Membership and Meetings

The Committee shall consist of a number of directors fixed from time to time by the Board of Directors, not less than two. The members of the Committee shall be appointed and may be removed by the Board in its discretion, and shall serve for such term as the Board determines or until their successors are elected or appointed. The members of the Committee shall meet the independence requirements of the listing standards of The New York Stock Exchange. Committee members may be removed by a majority vote of the Board in its discretion.

The Committee shall meet as often as its members shall determine to be necessary, or as meetings may be called by the Chair of the Committee, any two members of the Committee or the Chairman of the Board, but in any event shall meet at least three times each year.  The Committee may invite members of management or others to attend meetings and/or to furnish pertinent information.  The Committee may also meet in executive session as it determines is advisable or required.  The Board shall appoint one member of the Committee as Chair.  The Chair of the Committee shall be responsible for scheduling all meetings of the Committee, determining the agenda for each meeting (following consultation with other members of the Committee and with management), presiding over meetings of the Committee and coordinating reporting to the Board.  In the absence of the Chair, the majority of the members of the Committee present at a meeting shall appoint a member to preside at the meeting. A majority of the members of the Committee shall constitute a quorum for the transaction of business and a vote of a majority of the members present will constitute an act of the Committee.

The Committee may form and delegate authority to subcommittees when appropriate.

The Committee shall make regular reports to the Board and all actions of the Committee shall be reported to the Board at the next regular meeting of the Board.

Duties and Responsibilities

The Committee shall:

  1. Search for, identify and recommend to the Board, consistent with criteria approved by the Board, the slate of qualified nominees of directors to be elected by the stockholders (and any directors to be elected by the Board to fill vacancies or newly created directorships between annual meetings). As part of its process, the Committee shall consider and evaluate nominees proposed by stockholders.
  2. Determine and recommend to the Board for approval qualifications for Board membership, including matters such as independence, the nature and timing of service on other boards, the ability of former employees to serve on the Board and the Board’s having an appropriate mix of backgrounds and skills. The Committee shall also evaluate whether it is appropriate to adopt minimum qualifications that must be met by prospective nominees to the Board, qualities or skills that the Committee believes are necessary for one or more of the Company’s directors to possess, and standards for the overall structure of the Company’s Board.
  3. Review the suitability of each Board member for continued service as a director when his or her term expires, and recommend whether or not the director should be re-nominated.
  4. Review directorships in other public companies held by or offered to directors or  potential directors of the Company, and evaluate the nature of and time involved in such service on other boards, including service on any board committees, when determining the suitability of a director or potential director to serve on the Company’s Board or one of its committees.
  5. Recommend committee assignments for directors to the Board as openings occur on committees of the Board, or as rotations of committee assignments are deemed advisable by the Board upon recommendation from the Committee.
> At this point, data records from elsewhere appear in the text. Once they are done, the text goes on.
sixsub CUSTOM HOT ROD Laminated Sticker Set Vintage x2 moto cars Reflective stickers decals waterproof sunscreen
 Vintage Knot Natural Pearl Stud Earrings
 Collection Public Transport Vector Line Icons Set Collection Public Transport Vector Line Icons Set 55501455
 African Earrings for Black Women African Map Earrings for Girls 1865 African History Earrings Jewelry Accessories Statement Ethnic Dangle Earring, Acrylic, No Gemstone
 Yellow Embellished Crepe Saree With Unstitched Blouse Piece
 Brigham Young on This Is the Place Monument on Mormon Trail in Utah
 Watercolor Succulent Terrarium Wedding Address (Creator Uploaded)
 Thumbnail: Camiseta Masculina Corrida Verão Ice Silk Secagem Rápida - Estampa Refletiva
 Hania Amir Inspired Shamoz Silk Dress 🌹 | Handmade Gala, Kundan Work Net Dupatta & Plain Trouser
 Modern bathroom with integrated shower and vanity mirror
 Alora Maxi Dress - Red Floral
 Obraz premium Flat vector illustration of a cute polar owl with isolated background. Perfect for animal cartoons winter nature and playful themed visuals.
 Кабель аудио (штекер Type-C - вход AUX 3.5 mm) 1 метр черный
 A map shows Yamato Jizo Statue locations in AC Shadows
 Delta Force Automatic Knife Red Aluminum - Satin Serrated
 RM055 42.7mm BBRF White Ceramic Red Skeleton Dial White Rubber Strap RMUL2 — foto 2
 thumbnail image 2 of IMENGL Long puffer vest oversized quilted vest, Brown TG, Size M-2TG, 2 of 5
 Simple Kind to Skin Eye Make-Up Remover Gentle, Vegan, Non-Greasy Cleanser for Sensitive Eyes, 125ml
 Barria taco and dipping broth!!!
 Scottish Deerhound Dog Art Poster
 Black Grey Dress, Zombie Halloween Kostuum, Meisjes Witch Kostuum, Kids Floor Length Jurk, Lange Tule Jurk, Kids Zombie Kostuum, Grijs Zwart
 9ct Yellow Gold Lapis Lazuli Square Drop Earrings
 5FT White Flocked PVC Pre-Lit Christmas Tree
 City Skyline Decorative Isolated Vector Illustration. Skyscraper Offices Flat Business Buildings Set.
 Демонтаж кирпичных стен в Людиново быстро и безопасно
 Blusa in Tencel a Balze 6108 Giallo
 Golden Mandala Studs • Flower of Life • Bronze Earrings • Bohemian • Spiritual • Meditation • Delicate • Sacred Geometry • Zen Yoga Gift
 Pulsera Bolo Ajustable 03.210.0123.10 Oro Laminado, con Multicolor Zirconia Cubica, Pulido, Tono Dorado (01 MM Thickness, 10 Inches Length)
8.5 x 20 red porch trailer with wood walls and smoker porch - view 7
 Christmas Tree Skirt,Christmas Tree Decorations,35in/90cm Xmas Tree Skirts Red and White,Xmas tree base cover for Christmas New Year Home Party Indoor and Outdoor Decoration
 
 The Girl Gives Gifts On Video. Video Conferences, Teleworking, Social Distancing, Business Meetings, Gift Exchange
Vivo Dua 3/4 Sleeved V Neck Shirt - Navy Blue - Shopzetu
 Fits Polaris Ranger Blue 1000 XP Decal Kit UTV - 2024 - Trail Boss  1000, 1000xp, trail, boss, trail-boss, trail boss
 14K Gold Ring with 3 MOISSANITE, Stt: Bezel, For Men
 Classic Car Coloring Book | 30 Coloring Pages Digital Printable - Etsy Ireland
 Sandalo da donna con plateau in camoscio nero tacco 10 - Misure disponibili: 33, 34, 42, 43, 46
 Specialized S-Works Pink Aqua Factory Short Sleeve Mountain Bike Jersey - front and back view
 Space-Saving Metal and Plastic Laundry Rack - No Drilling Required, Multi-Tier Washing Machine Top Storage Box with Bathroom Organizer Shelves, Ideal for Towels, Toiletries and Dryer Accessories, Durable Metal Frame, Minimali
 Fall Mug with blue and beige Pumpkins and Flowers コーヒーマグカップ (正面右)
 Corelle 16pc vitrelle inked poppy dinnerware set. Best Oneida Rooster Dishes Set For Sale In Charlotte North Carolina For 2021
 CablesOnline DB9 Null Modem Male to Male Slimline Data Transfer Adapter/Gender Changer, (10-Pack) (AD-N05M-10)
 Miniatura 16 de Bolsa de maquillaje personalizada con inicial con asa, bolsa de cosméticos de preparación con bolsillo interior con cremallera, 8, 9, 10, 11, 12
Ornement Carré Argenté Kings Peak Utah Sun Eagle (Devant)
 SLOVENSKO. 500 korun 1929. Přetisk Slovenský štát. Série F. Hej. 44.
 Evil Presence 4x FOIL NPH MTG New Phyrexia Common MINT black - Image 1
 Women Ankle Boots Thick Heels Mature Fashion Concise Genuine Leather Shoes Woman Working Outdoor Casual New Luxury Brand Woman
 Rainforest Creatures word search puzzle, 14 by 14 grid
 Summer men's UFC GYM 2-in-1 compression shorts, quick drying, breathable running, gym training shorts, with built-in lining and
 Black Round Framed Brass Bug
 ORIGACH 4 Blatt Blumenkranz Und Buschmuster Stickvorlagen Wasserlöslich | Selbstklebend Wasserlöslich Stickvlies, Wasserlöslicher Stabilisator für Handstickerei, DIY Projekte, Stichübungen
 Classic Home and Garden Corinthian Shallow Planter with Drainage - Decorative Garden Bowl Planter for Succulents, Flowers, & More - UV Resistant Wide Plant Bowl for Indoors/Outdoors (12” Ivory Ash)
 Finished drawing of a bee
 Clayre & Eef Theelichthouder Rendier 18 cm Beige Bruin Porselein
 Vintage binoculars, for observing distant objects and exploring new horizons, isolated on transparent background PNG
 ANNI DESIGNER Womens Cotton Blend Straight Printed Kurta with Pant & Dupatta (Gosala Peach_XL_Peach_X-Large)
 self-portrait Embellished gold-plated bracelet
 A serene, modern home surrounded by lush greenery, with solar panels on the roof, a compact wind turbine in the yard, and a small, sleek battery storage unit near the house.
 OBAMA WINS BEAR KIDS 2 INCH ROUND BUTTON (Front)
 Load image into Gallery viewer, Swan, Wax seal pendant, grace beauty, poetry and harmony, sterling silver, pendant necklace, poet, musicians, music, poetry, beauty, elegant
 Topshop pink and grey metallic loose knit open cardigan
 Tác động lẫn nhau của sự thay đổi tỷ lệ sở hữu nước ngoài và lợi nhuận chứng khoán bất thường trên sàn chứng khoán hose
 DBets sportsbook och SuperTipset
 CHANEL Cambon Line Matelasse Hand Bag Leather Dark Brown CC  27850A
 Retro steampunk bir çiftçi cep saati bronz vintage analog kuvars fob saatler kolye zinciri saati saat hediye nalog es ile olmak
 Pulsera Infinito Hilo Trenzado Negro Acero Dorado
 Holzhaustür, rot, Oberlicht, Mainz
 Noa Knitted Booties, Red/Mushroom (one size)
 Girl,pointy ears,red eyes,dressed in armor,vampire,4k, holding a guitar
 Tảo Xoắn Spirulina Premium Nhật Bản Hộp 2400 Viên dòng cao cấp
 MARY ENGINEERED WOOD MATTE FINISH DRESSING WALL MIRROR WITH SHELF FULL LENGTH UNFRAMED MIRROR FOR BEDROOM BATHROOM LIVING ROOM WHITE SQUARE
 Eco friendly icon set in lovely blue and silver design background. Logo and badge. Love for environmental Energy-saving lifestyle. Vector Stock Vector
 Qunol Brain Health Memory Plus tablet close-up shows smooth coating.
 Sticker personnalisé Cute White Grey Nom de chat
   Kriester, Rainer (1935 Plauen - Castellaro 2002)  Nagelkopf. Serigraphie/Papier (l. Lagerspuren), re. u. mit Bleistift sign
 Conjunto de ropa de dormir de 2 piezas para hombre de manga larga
The Committee shall recommend committee assignments in accordance with the membership requirements specified in the Charter of each committee, and with due consideration given to each committee’s annual assessment of its composition, performance and effectiveness.
  6. Develop and recommend to the Board a set of corporate governance guidelines for approval; once adopted, periodically, but at least annually, evaluate the adequacy of the corporate governance guidelines and, as needed, recommend any modifications to the Board for approval.
  7. Develop and recommend to the Board for approval a self-evaluation process for the Board and its committees, and oversee the Board’s annual self-evaluations. In conducting its assessment, the Committee will solicit comments from all directors and may employ such other means as it may deem appropriate in conducting the assessment.
  8. Develop and make recommendations to the Board for approval standards and processes for determining the independence of Board members that meet the requirements of The New York Stock Exchange and applicable laws and regulations. In addition, in accordance with such processes and using such standards, the Committee shall conduct a preliminary review of the independence of each Board member and provide the findings and make recommendations to the full Board regarding the independence of each Board member.
  9. Annually review and report to the Board on the succession planning with respect to the chief executive officer, and recommend to the Board a successor to the chief executive officer when a vacancy occurs through retirement or otherwise, including emergency procedures for succession in the event of unexpected death, disability, or departure of the chief executive officer.
  10. Review and report to the Board on succession planning with respect to other members of senior management and other proposed changes involving senior management positions.
  11. Exercise such other duties and responsibilities as may be assigned by the Board from time to time.


In exercising its authority, duties and responsibilities under this Charter, the Committee shall have and may exercise all the powers and authority of the Board. The Committee shall have the sole authority to retain and terminate any search firm engaged to assist in identifying director candidates, including the sole authority to approve related fees and retention terms. The Committee shall be assisted by appropriate corporate staff, and in addition, the Committee may obtain assistance from such other persons, who need not be employees of the Company, or organizations as it may deem appropriate, with the expenses incurred in their use to be paid by the Company. The foregoing authority includes obtaining advice and assistance from internal or external legal, accounting or other advisors or consultants.

Annual Review of Charter and Performance

At least annually, the Committee shall review and reassess the adequacy of this Charter. The Committee shall report the results of the review to the Board and, if necessary, recommend that the Board amend this Charter. The Committee shall annually review its own performance.

As approved by the Board of Directors on May 24, 2018.

This site uses cookies to store information on your computer. Some are essential to make our site work; others help us improve the user experience. By using the site, you consent to the placement of these cookies. Read our privacy policy to learn more.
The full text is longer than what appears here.